**TASK:** Beginning at the line that contains "Sciarpa verde con frange_0", output each line exactly through the end of the records, and drop any pictures.

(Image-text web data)
Segment Open

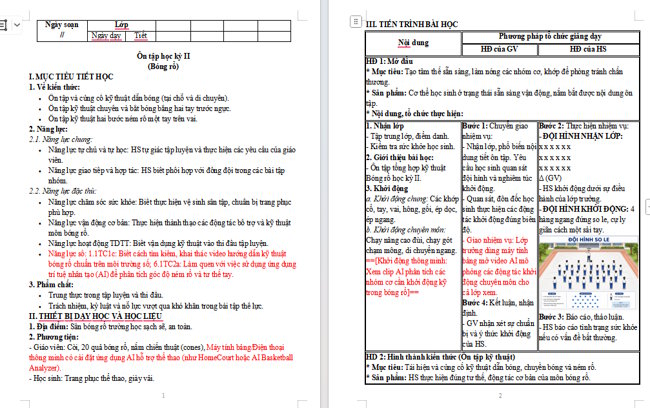 Giáo án tích hợp NLS Giáo dục thể chất 6 Ôn tập học kì 2: Bóng rổ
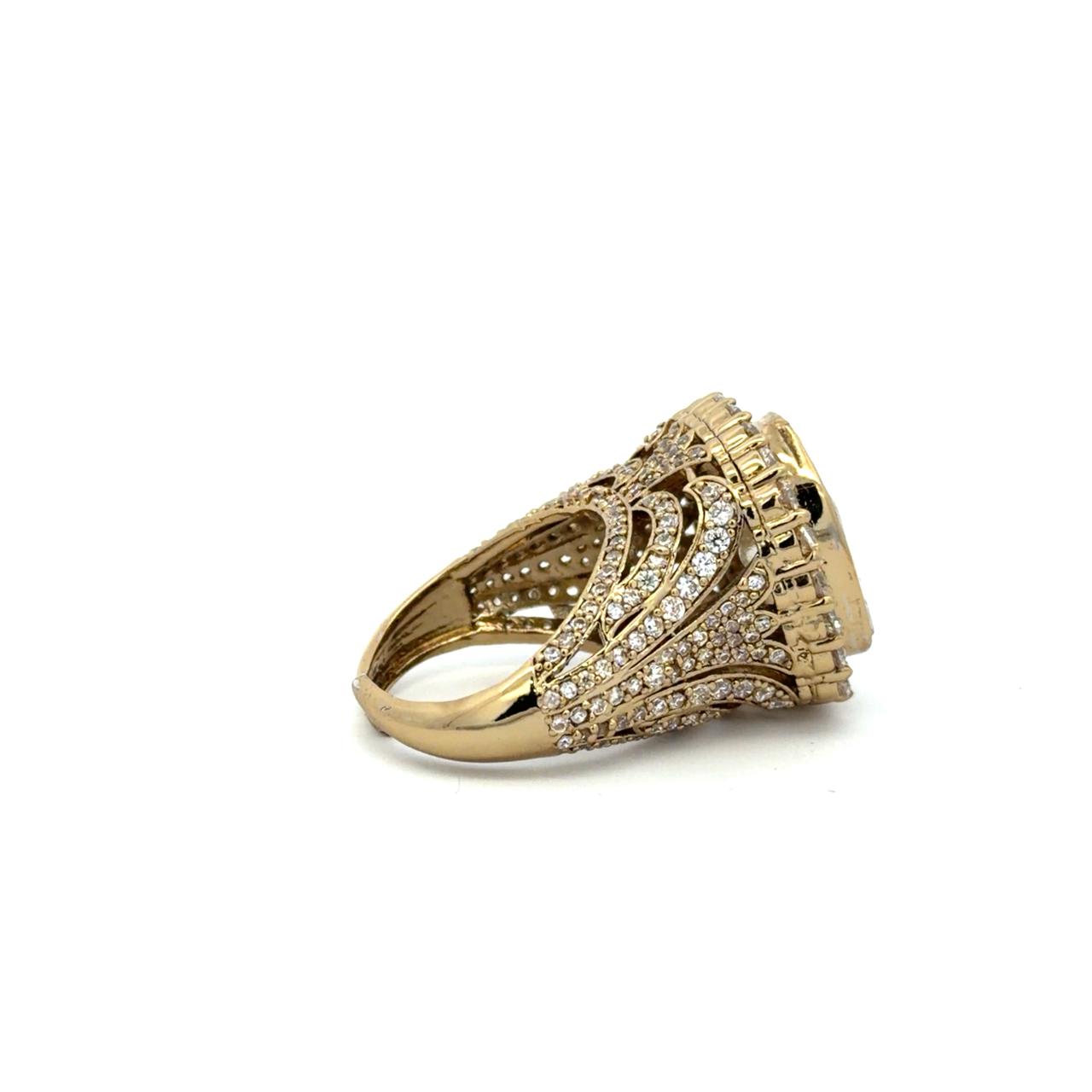 Hand Carved Antique Gold Finish Statement Polki Adjustable Ring for Women
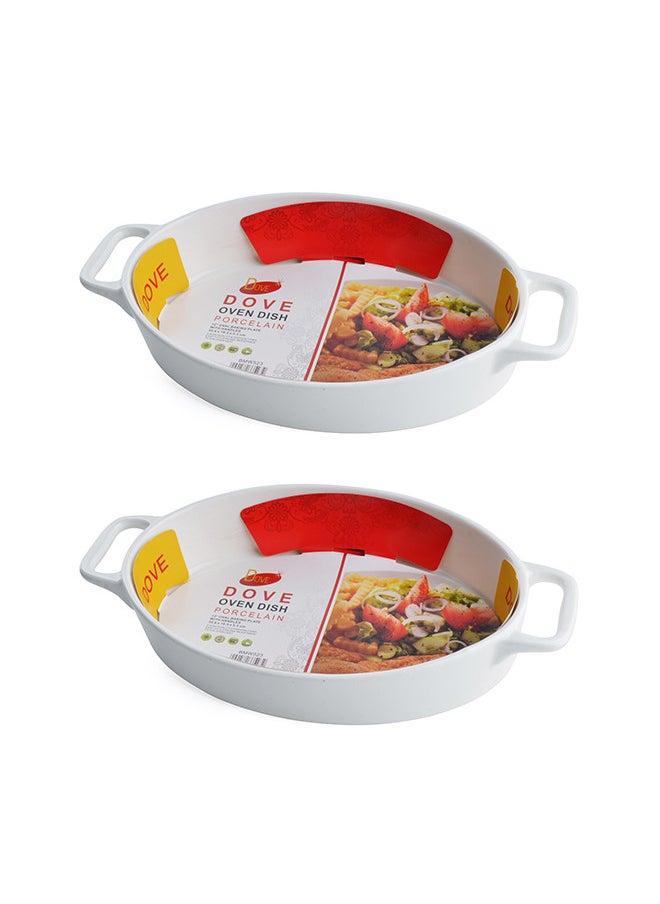 Dove 2-Piece Oval Porcelain Baking Dish With Handles 12 Inch 30.6x16.5x5.3CM White  - Image 1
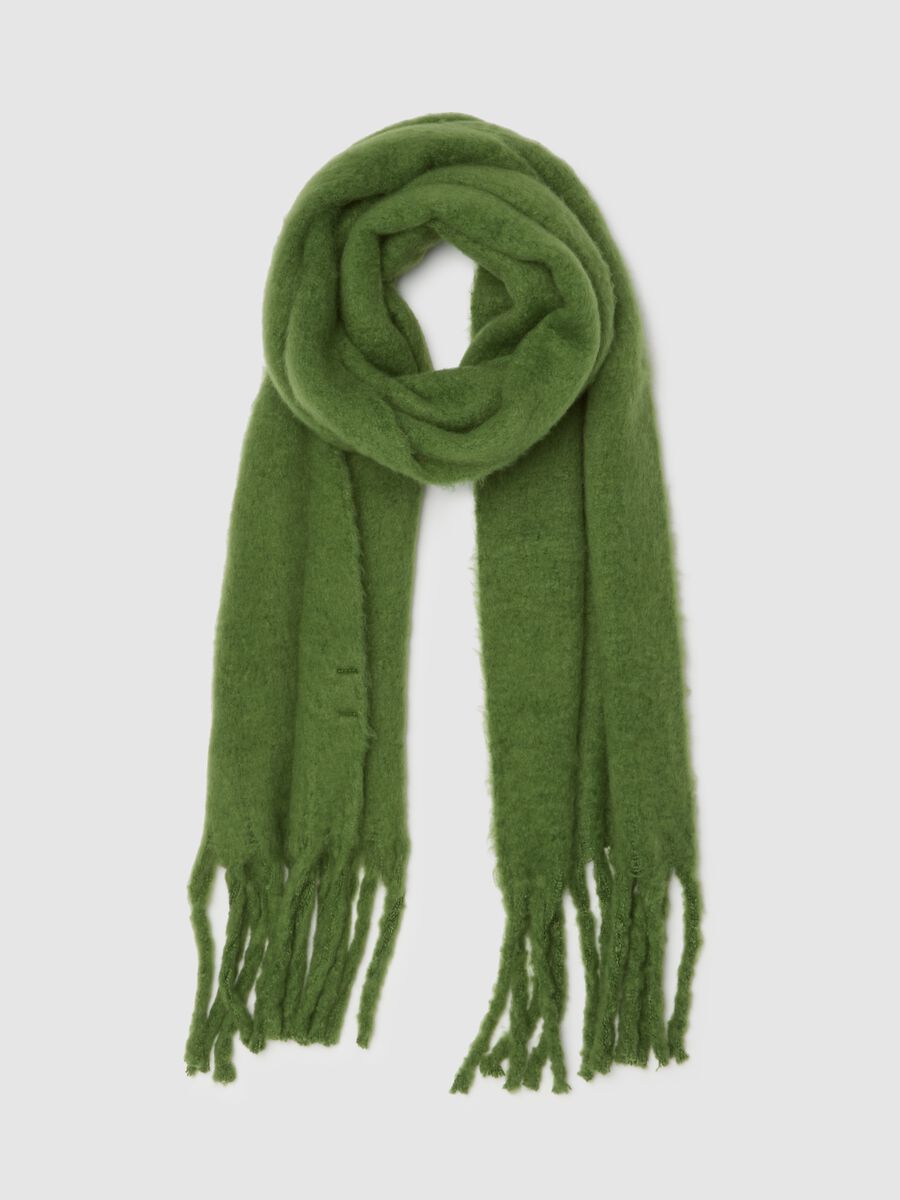 Sciarpa verde con frange_0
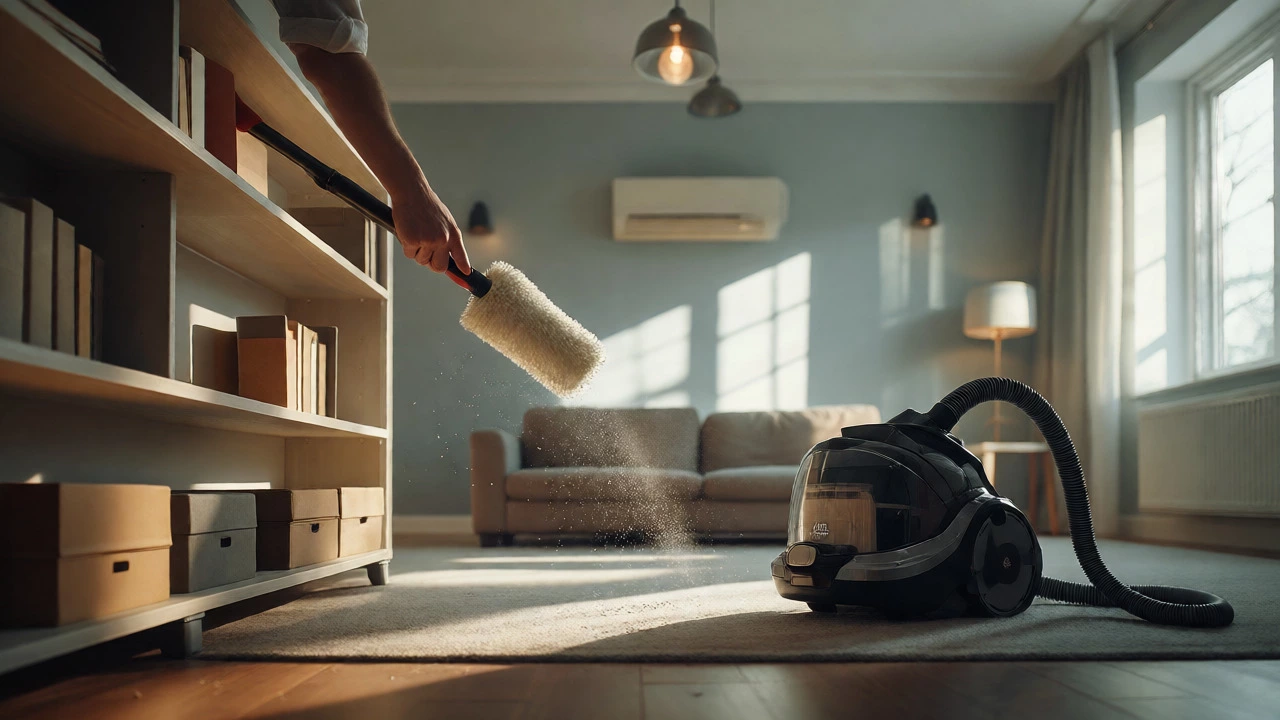 Dusting high shelves while debris falls toward the floor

Segment Closed

**SOLVED EXERCISE:**
 Sciarpa verde con frange_0
 Dusting high shelves while debris falls toward the floor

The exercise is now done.